Tussenpersonen verzochten zo nu en dan om mee te gaan naar een relatie of aangeboden object, gezien het aangeboden risico welke met het Hoofdkantoor besproken diende te worden. Tussenpersonen die bijna geen productie brachten, werden niet meer bezocht of werden gesaneerd.

Inspectiekantoor Amsterdam

In juli 1955 werd aan de Weterschans 14 te Amsterdam een Inspectiekantoor geopend. De leiding was in handen van Hoofdinspecteur H.C. Salentijn, geassisteerd door de heer J. Sleeswijk, Inspecteur.

Districts-Inspecteuren

De heer M.A. Engels was sinds 1955 Hoofd-Inspecteur voor het district Den Haag, Rijswijk, Voorburg en Wassenaar. Rond 1970 werd hij benoemd tot Districtsdirecteur voor de beursstad Rotterdam en de heer J. Stallvord voor de beursstad Amsterdam.
De Inspecteurs rapporteerden aan in de beurssteden aan de de Districtsdirecteur (Amsterdam en Rotterdam) en voor de overige gebieden rechstreeks aan het Hoofd Buitendienst.

districten

Omstreeks 1973/74 werd het hele land ingedeeld in districten. Vier of meer rayons vormden samen een district met daarboven een Districts-Inspecteur. De Districtsdirecties werden gehandhaafd tot aan het pensioen van de betreffende Districtsdirecteur, daarna werden zij opgevolgd door een Districts-Inspecteur.

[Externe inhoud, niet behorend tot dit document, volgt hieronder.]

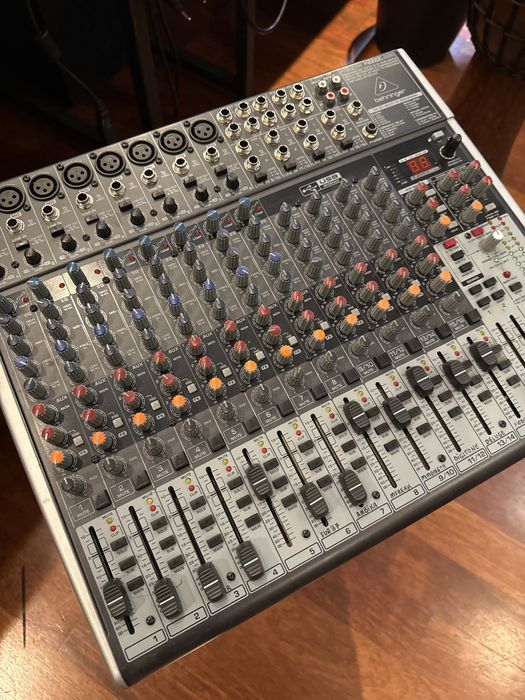 Mixer 22 canale Behringer Xenyx X2222 USB cu efecte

Naast de twee Districtdirecteuren in Amsterdam en Rotterdam, werden de districten Noord/Oost (J.G. Kooman), Midden (A. van Osnabrugge), Zuid (B.A. Copini) en Zuid-West (P.G.J. de Witte) toegevoegd. Alle Inspecteurs rapporteerden voortaan aan hun districtshoofd.

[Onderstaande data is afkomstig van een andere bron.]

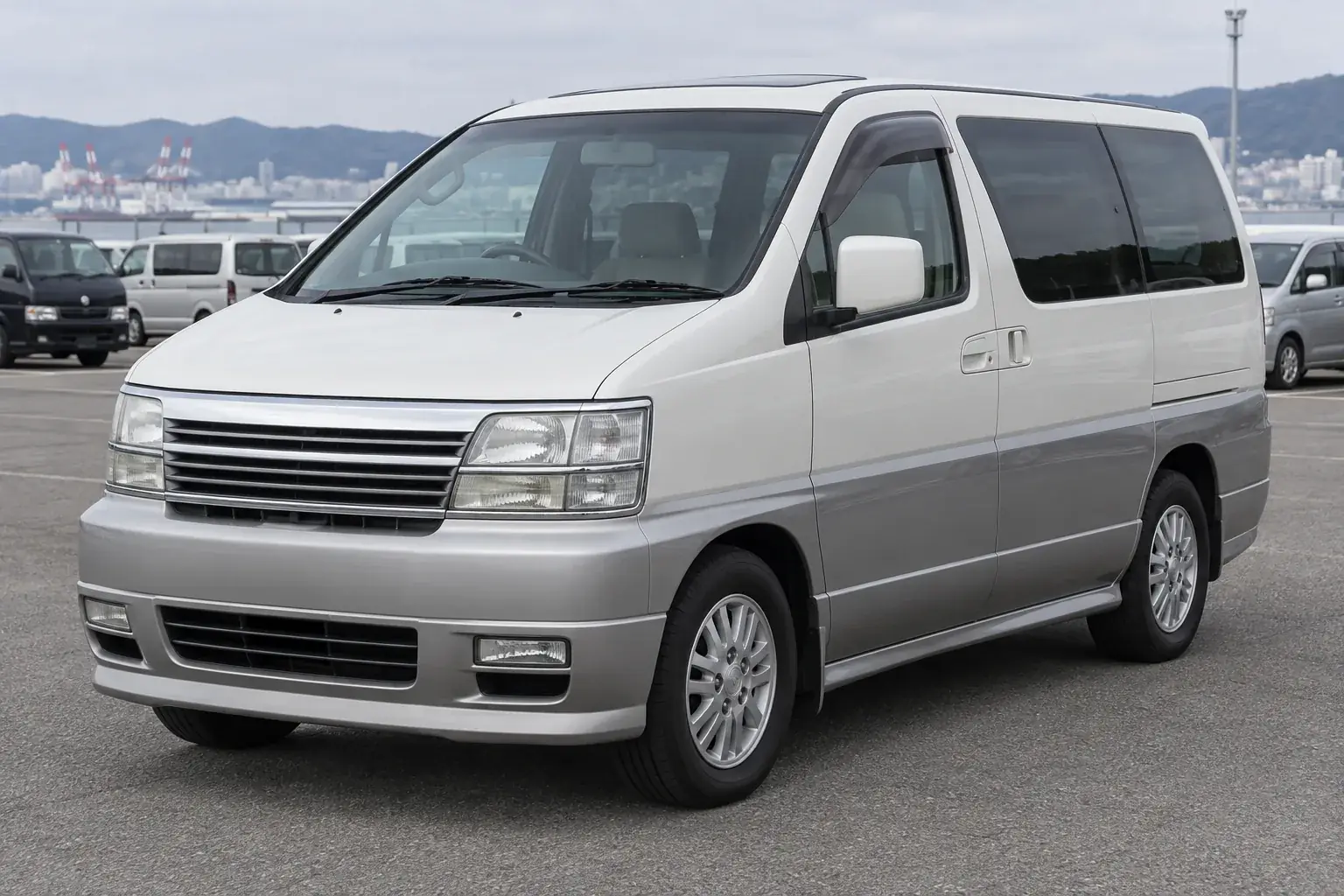 Silver Nissan Elgrand E50 minivan, front three-quarter view illustration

Per 1 juli 1978 volgde de heer K. Wielhouwer de heer Engels op, en per 1 oktober 1978 volgde de heer E. de Roest de heer Copini op als districtsinspecteur.




M.A. Engels

E. den Roest

K. Wielhouwer


De taak van een Districts-Inspecteur bestond uit het begeleiden, stimuleren en ondersteunen van Inspecteuren bij hun taken om alles zo soepel mogelijk te laten verlopen.